Williams suggested that one non-intrusive way to incorporate tobacco cessation into a practice is by placing handouts near the front desk.

“You don’t have to say anything, in the waiting room just have a little clear plastic holder with tobacco cessation materials right there,” he said. “Patients may not want it for themselves, but they might want to give it to a loved one.”

Williams said front desk staff can play a role in starting the conversation about tobacco cessation because a patient may see a flyer in the waiting room and ask the front desk staff for additional information.

Take a class to learn more

The Ohio Department of Health’s Tobacco Use Prevention and Cessation Program will be providing a tobacco cessation course for the entire dental team at the 2018 ODA Annual Session.

The course – “‘You Don’t Smoke Do You?’ Removing the Judgement from the Question and Other Wins In Helping Tobacco Users Quit” – will be Sept. 13 from 2 to 4 p.m. and will be free for ODA members and staff. Non-member dentists can attend the course for $90.

In the course, dentists and team members will learn how to talk to their patients about tobacco cessation in a non-judgmental way that won’t alienate patients, said Gorenflo, who will be presenting the course.

The course will teach motivational interviewing techniques to help dentists and team members get to the truth about a person’s tobacco usage and help patients to feel comfortable sharing whether or not they’re ready to quit.

The course will also go into detail about how to implement the 5As into a dental practice.

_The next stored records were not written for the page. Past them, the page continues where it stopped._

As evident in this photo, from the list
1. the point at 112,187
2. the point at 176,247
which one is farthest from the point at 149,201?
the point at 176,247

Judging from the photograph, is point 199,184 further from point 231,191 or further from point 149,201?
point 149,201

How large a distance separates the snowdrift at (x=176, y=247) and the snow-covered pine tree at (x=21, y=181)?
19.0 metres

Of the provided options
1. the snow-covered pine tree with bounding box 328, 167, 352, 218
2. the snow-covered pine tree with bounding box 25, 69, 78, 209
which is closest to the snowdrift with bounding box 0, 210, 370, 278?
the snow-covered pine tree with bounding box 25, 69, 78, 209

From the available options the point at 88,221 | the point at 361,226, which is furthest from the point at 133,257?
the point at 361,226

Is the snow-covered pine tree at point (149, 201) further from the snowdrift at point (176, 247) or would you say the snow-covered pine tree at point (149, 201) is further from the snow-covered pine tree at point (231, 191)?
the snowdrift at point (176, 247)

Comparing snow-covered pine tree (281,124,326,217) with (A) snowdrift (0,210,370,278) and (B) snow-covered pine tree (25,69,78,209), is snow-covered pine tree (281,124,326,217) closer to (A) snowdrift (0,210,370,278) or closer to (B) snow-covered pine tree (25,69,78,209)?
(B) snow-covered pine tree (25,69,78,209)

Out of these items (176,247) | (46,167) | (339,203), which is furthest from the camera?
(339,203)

Register for this course using code T25 at

“You’re not going to get rich from tobacco cessation, but you are going to get rich with personal fulfillment helping people make a change that can save their life,” Williams said. “How many times can a dentist advise somebody in a way that can save their life?”

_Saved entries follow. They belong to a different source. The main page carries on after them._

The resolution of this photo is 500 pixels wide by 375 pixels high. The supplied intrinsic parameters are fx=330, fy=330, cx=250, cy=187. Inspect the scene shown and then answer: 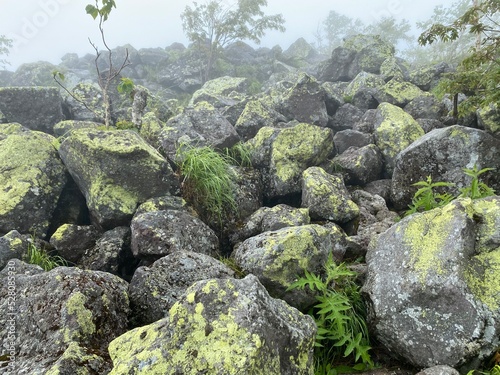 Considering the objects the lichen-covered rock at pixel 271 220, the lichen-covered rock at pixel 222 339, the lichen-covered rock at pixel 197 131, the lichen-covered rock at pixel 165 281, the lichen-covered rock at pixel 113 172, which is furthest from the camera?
the lichen-covered rock at pixel 197 131

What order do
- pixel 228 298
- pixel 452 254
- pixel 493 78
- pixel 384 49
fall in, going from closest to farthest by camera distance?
pixel 228 298
pixel 452 254
pixel 493 78
pixel 384 49

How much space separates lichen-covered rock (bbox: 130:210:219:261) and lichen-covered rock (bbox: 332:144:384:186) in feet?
17.7

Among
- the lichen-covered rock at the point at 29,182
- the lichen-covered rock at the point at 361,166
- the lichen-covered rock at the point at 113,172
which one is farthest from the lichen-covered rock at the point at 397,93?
the lichen-covered rock at the point at 29,182

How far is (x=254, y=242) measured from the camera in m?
6.77

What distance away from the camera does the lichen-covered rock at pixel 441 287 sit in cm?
465

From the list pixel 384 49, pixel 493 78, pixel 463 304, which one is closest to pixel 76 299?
pixel 463 304

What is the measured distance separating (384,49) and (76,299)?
29231 millimetres

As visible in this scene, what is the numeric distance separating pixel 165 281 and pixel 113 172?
411 cm

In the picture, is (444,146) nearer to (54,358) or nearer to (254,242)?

What happens when a patient calls the Ohio Tobacco Quit Line?

Patients are often more comfortable utilizing the Quit Line when they know what to expect when calling or being referred, according to Amy Gorenflo, Cessation Services program administrator with the Ohio Department of Health,

When a patient calls the Ohio Tobacco Quit Line, the call is answered by a coach or counselor. The caller completes an intake questionnaire about demographics and their smoking habits. Then, the first coaching session takes place during that call unless the caller opts out at that time.

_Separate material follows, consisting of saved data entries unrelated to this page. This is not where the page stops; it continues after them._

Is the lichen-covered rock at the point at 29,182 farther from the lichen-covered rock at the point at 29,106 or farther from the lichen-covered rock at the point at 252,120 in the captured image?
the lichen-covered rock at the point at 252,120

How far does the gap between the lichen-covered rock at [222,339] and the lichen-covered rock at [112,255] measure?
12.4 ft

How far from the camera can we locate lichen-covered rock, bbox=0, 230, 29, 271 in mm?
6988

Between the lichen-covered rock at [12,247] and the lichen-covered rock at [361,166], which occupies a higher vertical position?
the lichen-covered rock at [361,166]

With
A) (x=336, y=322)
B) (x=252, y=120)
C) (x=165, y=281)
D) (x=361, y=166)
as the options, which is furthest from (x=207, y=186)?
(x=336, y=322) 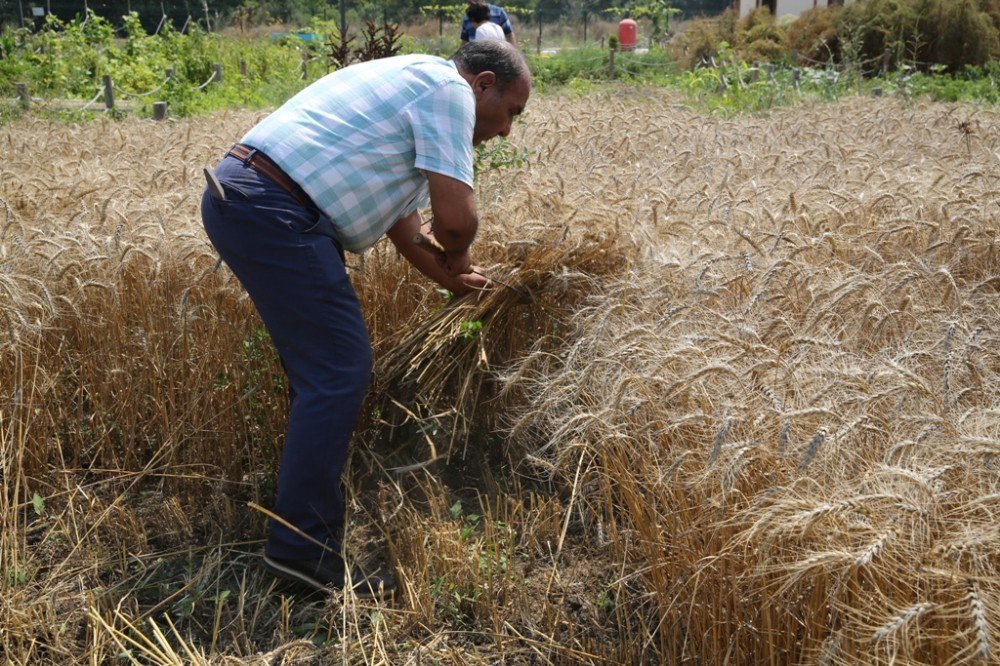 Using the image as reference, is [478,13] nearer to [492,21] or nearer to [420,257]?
[492,21]

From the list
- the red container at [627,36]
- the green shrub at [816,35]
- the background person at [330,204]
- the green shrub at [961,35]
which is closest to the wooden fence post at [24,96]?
the background person at [330,204]

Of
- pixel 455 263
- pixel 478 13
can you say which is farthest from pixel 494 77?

For a fax referral, a coach or counselor will contact the patient instead of the patient having to call in. It may be helpful to let patients know that when the call comes in, it will not be identified as the “Ohio Tobacco Quit Line,” and instead will come from the phone number 855-261-2640 in Denver, CO.

Participants in the Ohio Quit Line have five scheduled calls with a coach, where they talk about things like behavior patterns and triggers. Participants are also able to call the Quit Line in between the scheduled calls if they have a question or are concerned they will be triggered.

Quit Line participants can also receive up to eight weeks of nicotine replacement therapy such as nicotine patches, gum or lozenges.